After the intro, we made our way to the next notebook on linear regression.  Linear regression is a tool to help us find trends in data.  Roberto showed us how to interact with data and make mock data with gaussian noise.  He said that what we were doing in this segment would be familiar to someone who uses MATLAB.

The Scikit learn api was the next subject that we looked at.  I will summarize Scikit by quoting the notebook.  “Basically, it’s an extraordinarily convenient way to start into machine learning and data mining.”  We use the SkLearn Api with three(ish) steps.

  1. Import and initialize the regression from SkLearn

2. Call the fit function of the module (learn from the data)

3. Predict/transform the data (predict outcome)

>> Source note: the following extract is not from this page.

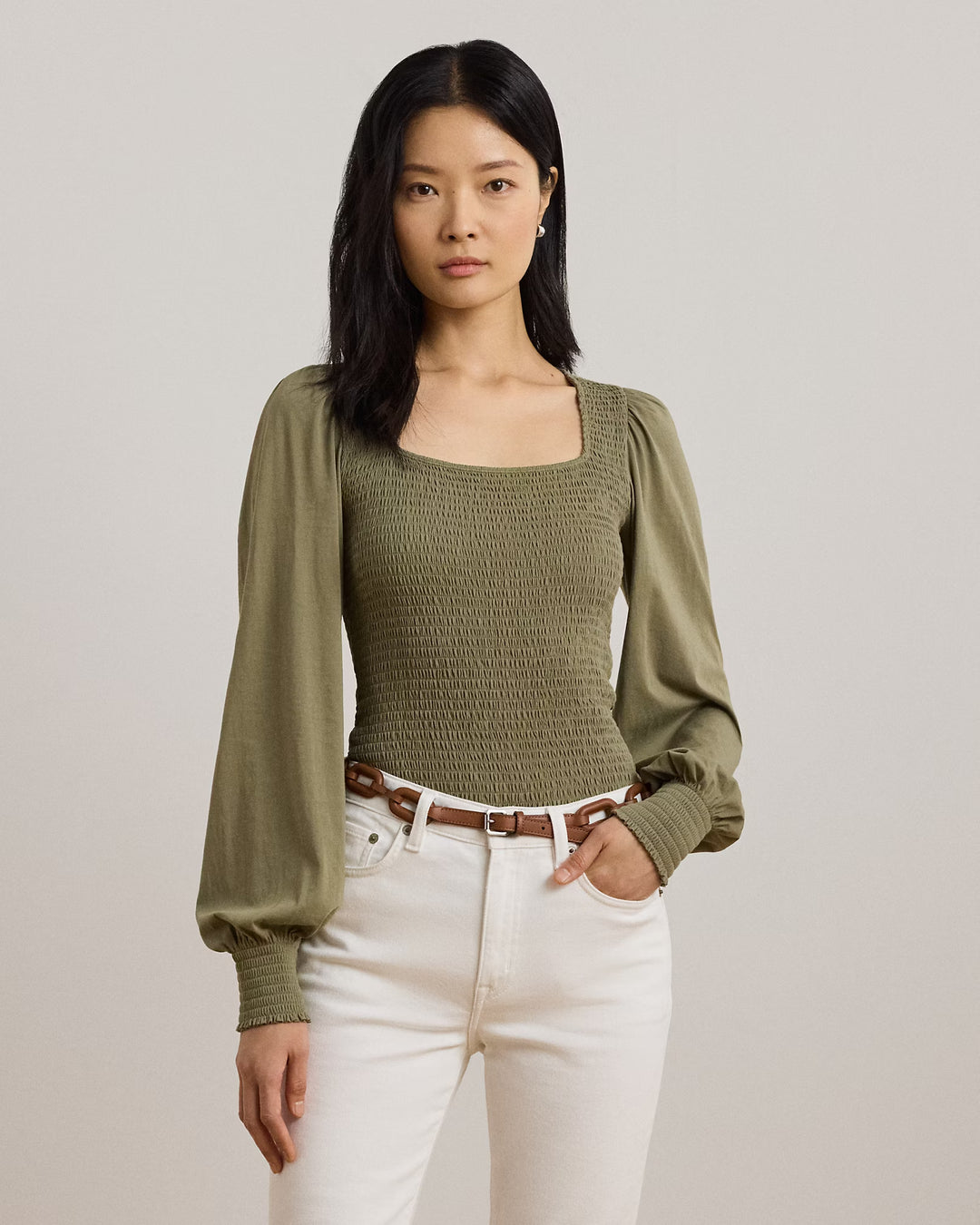 Ralph Lauren Smocked Jersey Blouson-Sleeve Top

As an example of this model, we could see a prediction of which handwritten numbers were which numerical digits.  The results were surprisingly accurate.

Our final segment of the day was case study with Scikit learn and Pandas.  Pandas is a module for Python that helps you handle lots of data.  Our first example had us manipulate data from a CSV of weather and use Pandas to learn about our data.  In addition to data manipulation, we were able to visualize the data in a way that elucidated trends.  For the icing on the cake, we  built regression models in scikit-learn for housing in Ames, IA.  This was an excellent example because anyone could see how this model could be useful for predicting values.

Overall, I would say that my experience with Metis was fantastic and I learned a lot that day.  The staff was extremely helpful and I enjoyed the passion that everyone had for data science.  I would definitely attend another event at Metis.